Two players are playtesting a Magic matchup between deck A and deck B. After 10 games, deck A has won 7 and lost 3.
“All right, the matchup is 70% in my favor. We’re done here,” player A jubilantly says.
“I don’t think so,” player B interjects, tossing a statistics textbook on the table. “Sure, 70% is the best estimate based on our games, but that sample size is way too small to make claims so confidently.”
“Well, how many games do we actually need?” player A questions.
Let’s run the numbers!
The Binomial Distribution
If you test a matchup for n independent games and your game win probability p is constant, then the number of wins in that set of games is described by a binomial distribution. It’s a classic in probability theory, and there are several convenient online calculators available.
Using such a calculator, we can, for example, determine that if your actual probability of winning a single game is 0.5 (i.e., 50%) and you play 10 games, then the probability of winning 7 of them is 0.117 (i.e., 11.7%). The probability of winning at least 7 games is 0.172 (i.e., 17.2%). Hence, lopsided results will regularly happen by chance.
In practice, the value of the game win probability p is unknown. Our aim is to estimate its value (and the uncertainty around that value) by playtesting games and recording the results.
A note on terminology: Throughout the majority of this article, I will consider “games” under the assumption that the game win probability remains constant. That is, there are no play-draw dependencies and no sideboards. Every playtest session can be modeled as a binomial distribution. If you record pre-board and post-board results and are interested in matches, then you can construct a match win probability formula that even takes into account play-draw dependencies, but the determination of its statistics goes beyond the scope of this article. But if you record match results only and substitute “game” for “match” throughout this article, then all insights will remain valid. This is also true if the opposing deck is changed to a fixed metagame of possible matchups.
Hypothesis Testing on a Parameter
Sometimes we are only interested in one thing: Are we favored in the matchup or not? To statistically test this in a one-tailed way (i.e., assuming that we are definitely not unfavored) we can set up a null hypothesis saying that the matchup is even (i.e., p=0.5) and an alternative hypothesis saying that we are favored (i.e., p>0.5). No claims are made regarding the a priori likelihood of these two hypotheses or on how favored we might be.
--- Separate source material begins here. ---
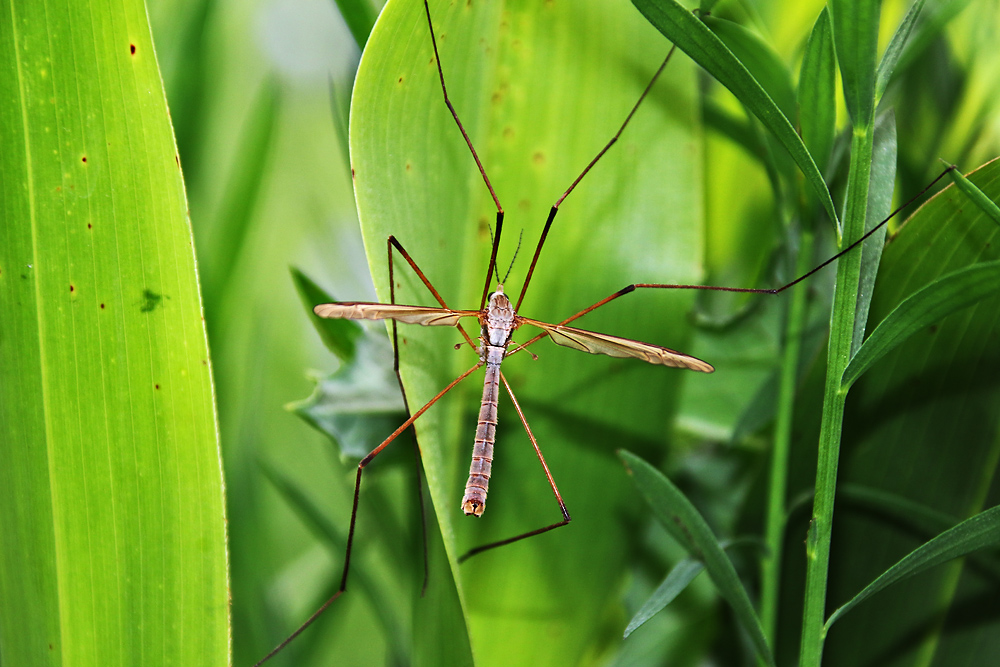 Kohlschnake Foto & Bild tiere, wildlife, insekten Bilder auf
Then, on the basis that the null hypothesis is true, we can calculate the probability of seeing a result that is at least as extreme as what we observed. This is what statisticians refer to as a p-value, and you may loosely think of it as the probability that the observation is “just variance”. If this probability is low, then it can be interpreted as evidence against the null hypothesis. In our case, we won 7 out of 10 games, and as we already determined, the corresponding probability of winning at least 7 games is 0.172.
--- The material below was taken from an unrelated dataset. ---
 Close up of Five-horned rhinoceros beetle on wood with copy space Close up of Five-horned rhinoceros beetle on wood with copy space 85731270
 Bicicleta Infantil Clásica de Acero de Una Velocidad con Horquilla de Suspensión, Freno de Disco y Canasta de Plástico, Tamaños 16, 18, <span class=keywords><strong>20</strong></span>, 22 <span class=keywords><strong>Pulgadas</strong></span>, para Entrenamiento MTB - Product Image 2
Now, is a probability of 0.172 unlikely enough? Based on the customary threshold of 0.05 or lower, the answer would be no—the observation is consistent with the null hypothesis. In other words, since 0.05<0.172, by the usual standards of statistical significance we cannot reject the null hypothesis. It’s akin to assuming a suspect is innocent because guilt hasn’t been proven beyond a reasonable doubt.
TL;DR: A 7-3 result is not enough to conclude we are favored with statistical significance.
Hypothesis Testing on a Difference
Hypothesis testing is also useful when we wish to compare the test results for two different decks. Take, for instance, the Standard win rates reported in the latest B&R update. Although sample sizes weren’t given, we can estimate them, or at least their order of magnitude, based on how many 5-0 trophies are held in the Magic Online competitive Standard league after a certain number of days. Taking some leeway, let’s suppose that B/R Aggro had 5,190 wins (51.9%) over 10,000 matches and that G/b Steel Leaf had 1,114 wins (55.7%) over 2,000 matches.
Is this a significant difference? Given that the proportions are large enough for a normal approximation, we can do a z-test in a two-tailed way. The null hypothesis would be that B/R Aggro has the same win rate as G/b Steel Leaf, and the alternative hypothesis would be that they are different. Using one of the many online calculators available, we find that if the null hypothesis were true, then the probability of observing a difference at least as extreme as what we observed (a.k.a. the p-value) is extremely low—far below any reasonable threshold.
Hence, we reject the null hypothesis and conclude that there is indeed a plausible difference between the two.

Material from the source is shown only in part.